Data in this exercise

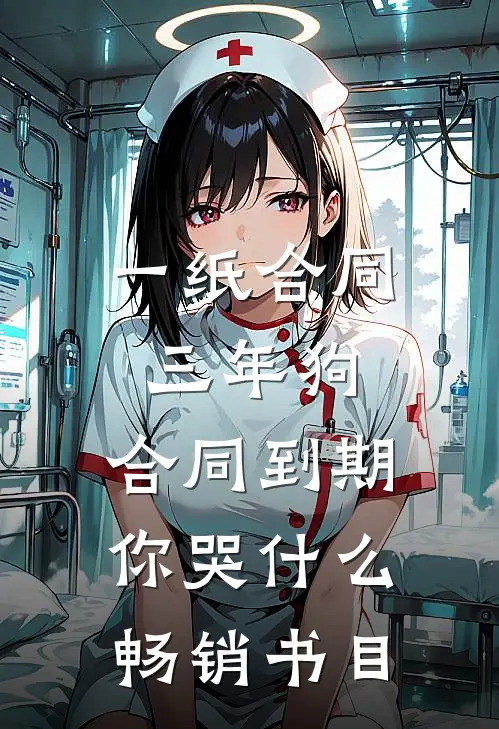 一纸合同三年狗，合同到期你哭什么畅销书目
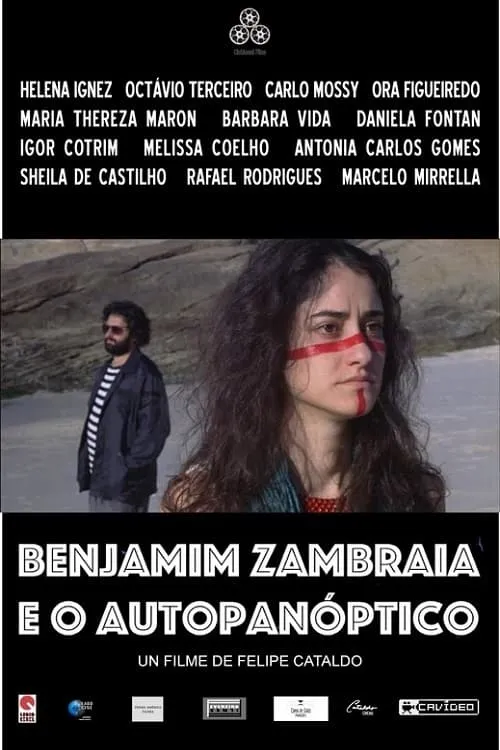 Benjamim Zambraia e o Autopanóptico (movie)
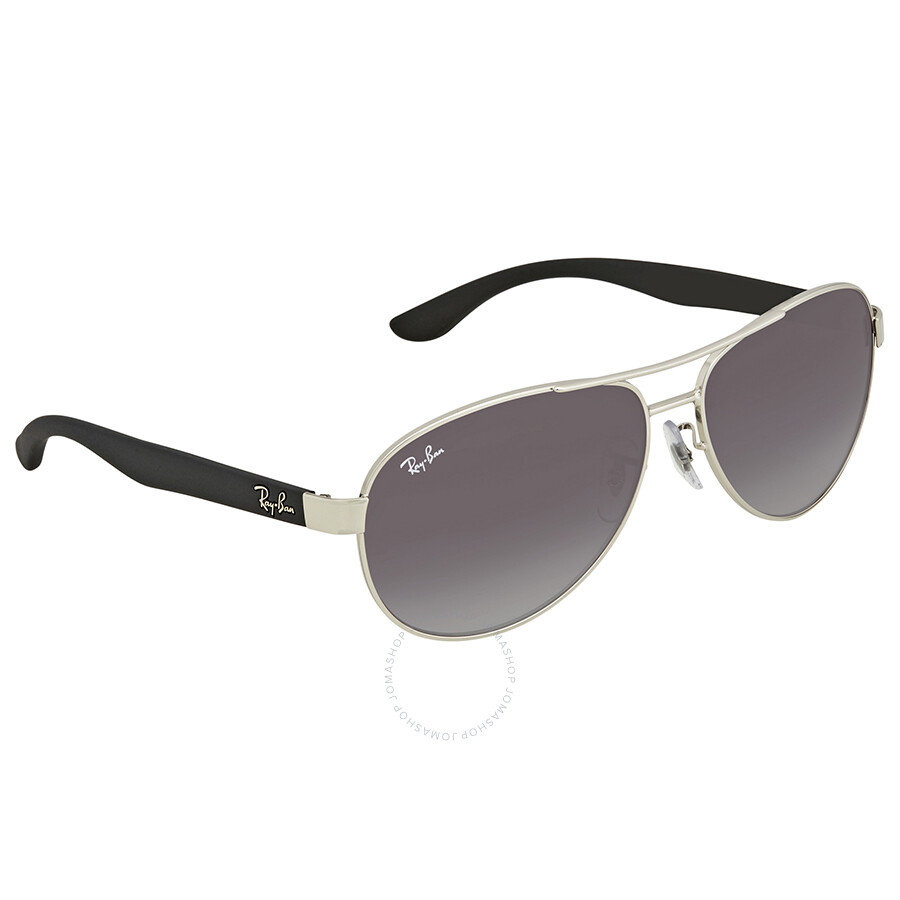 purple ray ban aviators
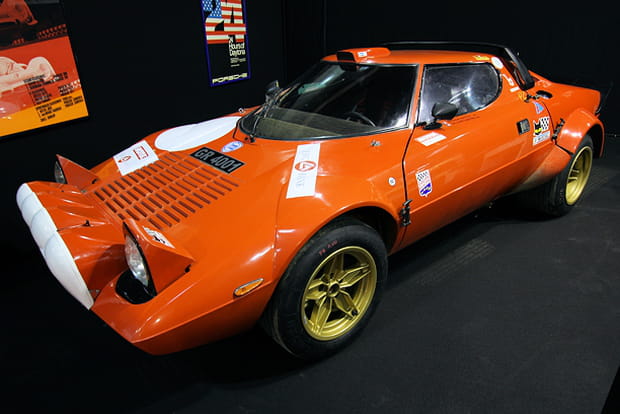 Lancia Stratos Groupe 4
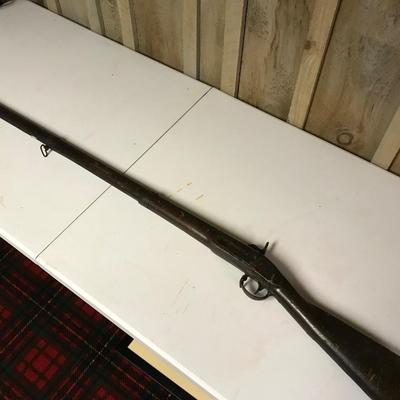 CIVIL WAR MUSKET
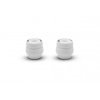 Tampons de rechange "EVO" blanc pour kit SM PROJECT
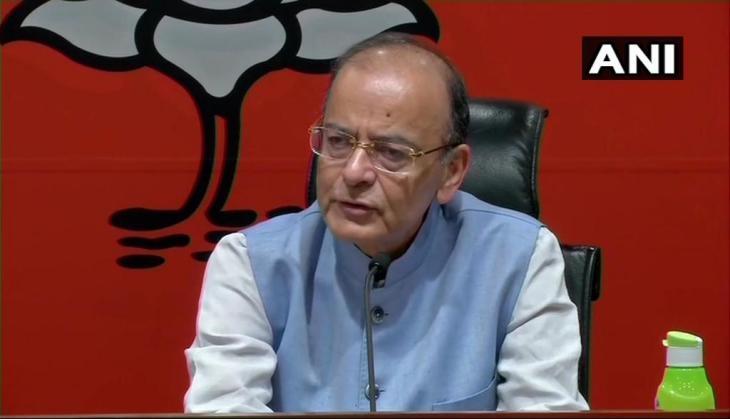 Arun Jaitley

* * *

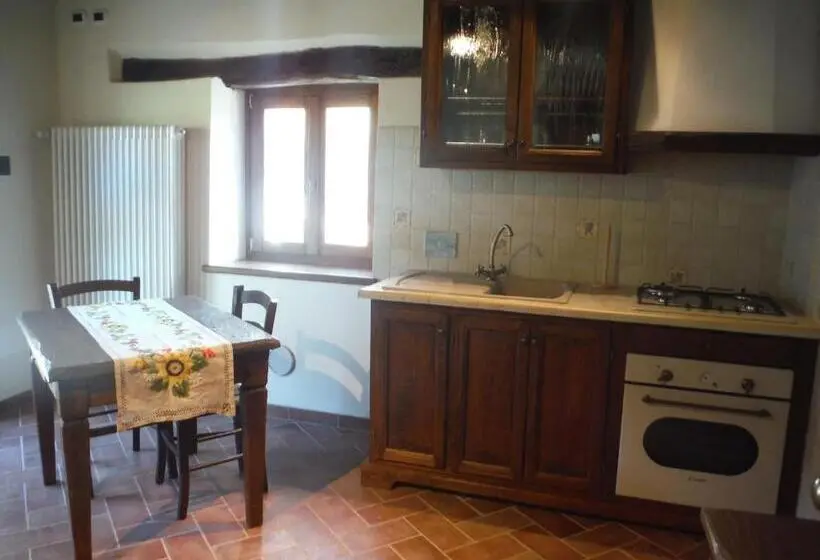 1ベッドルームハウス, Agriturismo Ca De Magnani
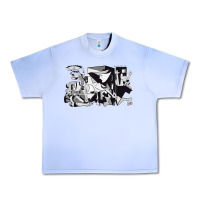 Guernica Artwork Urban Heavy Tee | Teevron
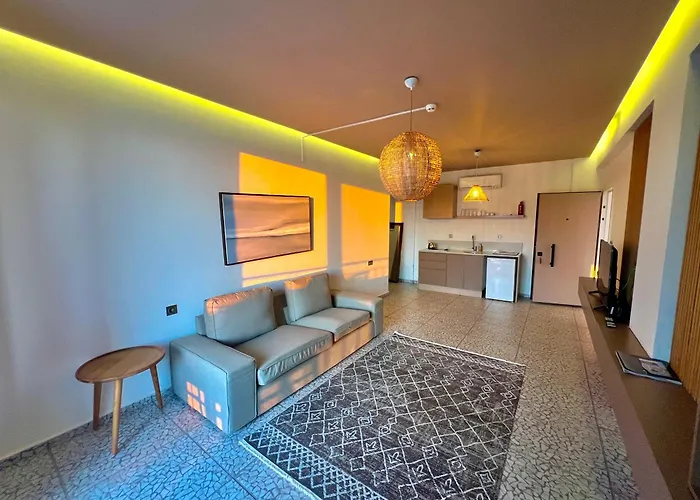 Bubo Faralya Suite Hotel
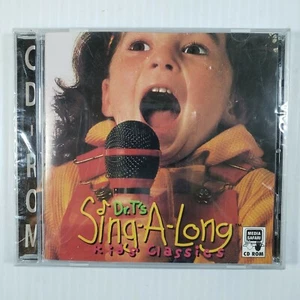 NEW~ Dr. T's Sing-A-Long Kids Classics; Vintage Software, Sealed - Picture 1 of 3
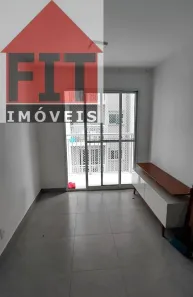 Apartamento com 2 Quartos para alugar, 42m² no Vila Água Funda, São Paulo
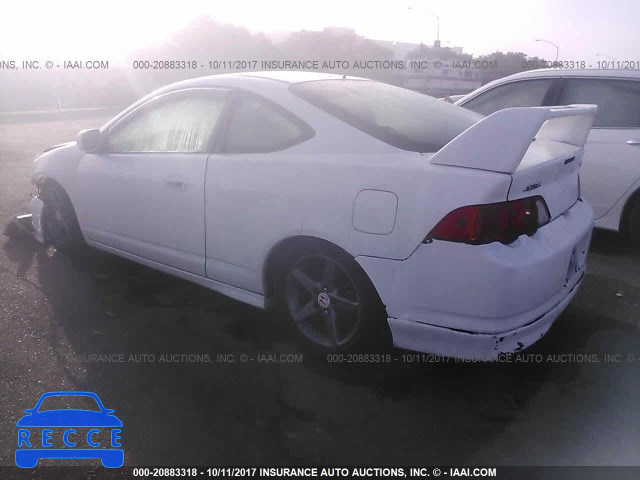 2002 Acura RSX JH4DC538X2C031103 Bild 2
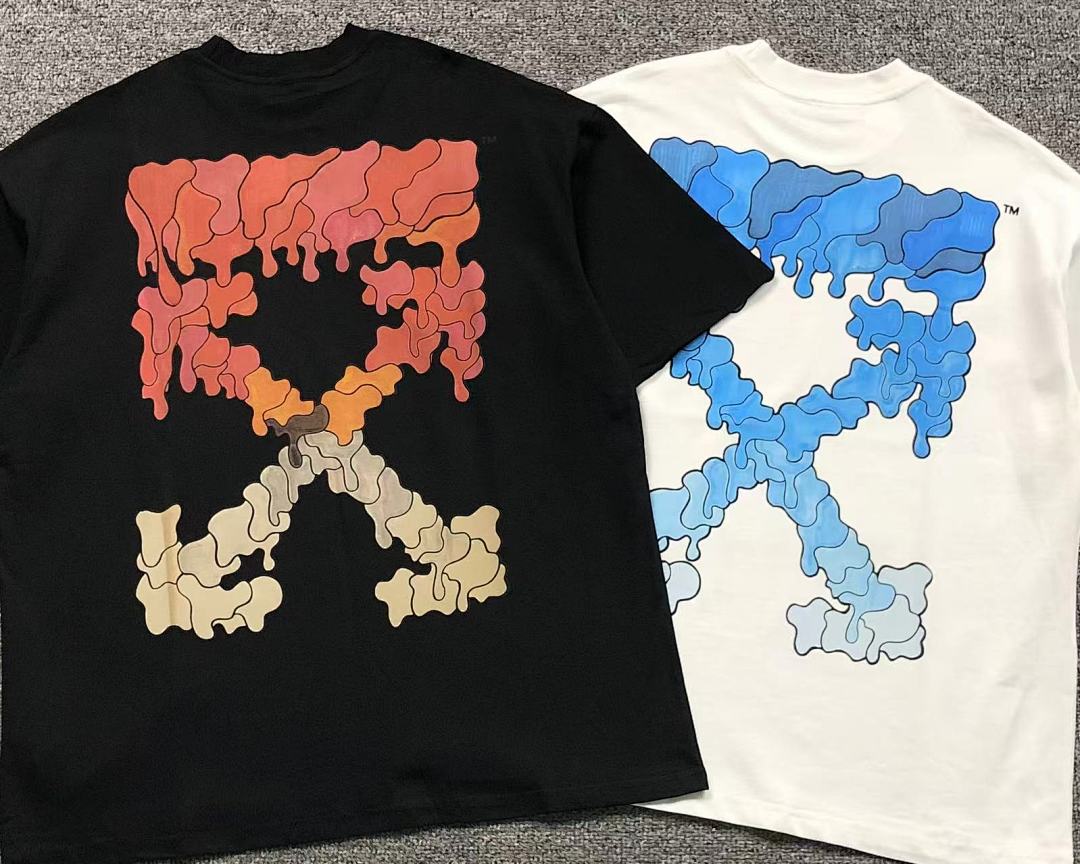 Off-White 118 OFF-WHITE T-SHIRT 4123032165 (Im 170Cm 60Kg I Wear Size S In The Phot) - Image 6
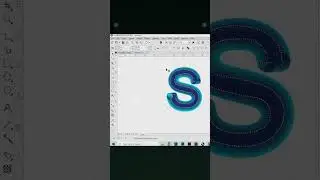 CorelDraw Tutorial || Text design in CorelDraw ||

==

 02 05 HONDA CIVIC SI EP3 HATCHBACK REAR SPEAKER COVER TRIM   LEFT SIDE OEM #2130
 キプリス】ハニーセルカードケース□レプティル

Work instruction
In the records above, copy exactly everything from the line that has "一纸合同三年狗，合同到期你哭什么畅销书目" down to the line that has "Arun Jaitley", both ends included, and leave out the pictures.

Output of the exercise
 一纸合同三年狗，合同到期你哭什么畅销书目
 Benjamim Zambraia e o Autopanóptico (movie)
 purple ray ban aviators
 Lancia Stratos Groupe 4
 CIVIL WAR MUSKET
 Tampons de rechange "EVO" blanc pour kit SM PROJECT
 Arun Jaitley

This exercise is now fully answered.